Por não estarmos distraídos
Havia a levíssima embriaguez de andarem juntos, a alegria como quando se sente a garganta um pouco seca e se vê que por admiração se estava de boca entreaberta: eles respiravam de antemão o ar que estava à frente, e ter esta sede era a própria água deles. Andavam por ruas e ruas falando e rindo, falavam e riam para dar matéria peso à levíssima embriaguez que era a alegria da sede deles. Por causa de carros e pessoas, às vezes eles se tocavam, e ao toque - a sede é a graça, mas as águas são uma beleza de escuras - e ao toque brilhava o brilho da água deles, a boca ficando um pouco mais seca de admiração. Como eles admiravam estarem juntos! Até que tudo se transformou em não. Tudo se transformou em não quando eles quiseram essa mesma alegria deles.
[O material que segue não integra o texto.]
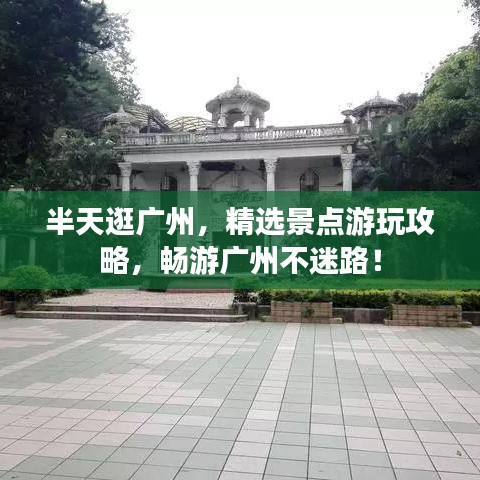 半天逛廣州，精選景點游玩攻略，暢游廣州不迷路！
Então a grande dança dos erros. O cerimonial das palavras desacertadas. Ele procurava e não via, ela não via que ele não vira, ela que, estava ali, no entanto. No entanto ele que estava ali. Tudo errou, e havia a grande poeira das ruas, e quanto mais erravam, mais com aspereza queriam, sem um sorriso. Tudo só porque tinham prestado atenção, só porque não estavam bastante distraídos. Só porque, de súbito exigentes e duros, quiseram ter o que já tinham. Tudo porque quiseram dar um nome; porque quiseram ser, eles que eram. Foram então aprender que, não se estando distraído, o telefone não toca, e é preciso sair de casa para que a carta chegue, e quando o telefone finalmente toca, o deserto da espera já cortou os fios. Tudo, tudo por não estarem mais distraídos. • Clarice Lispector
*fotocomposição de Dan Mountford.
Um comentário:
meu comentário não tem nada a ver com o texto, mas com sua introdução: é engraçado como a distância aproxima (gostei desse oxímoro!). experiência própria: morando em outro país sinto saudades de pessoas que eu não via sempre no brasil e que, mesmo no brasil, moravam longe de mim. acho que só a possibilidade de vê-las a qualquer momento, quando eu também estava no brasil (menos distante do que agora), fazia com que eu não desse conta da saudade, ou simplesmente não me importasse com isso. não sei explicar, hehe.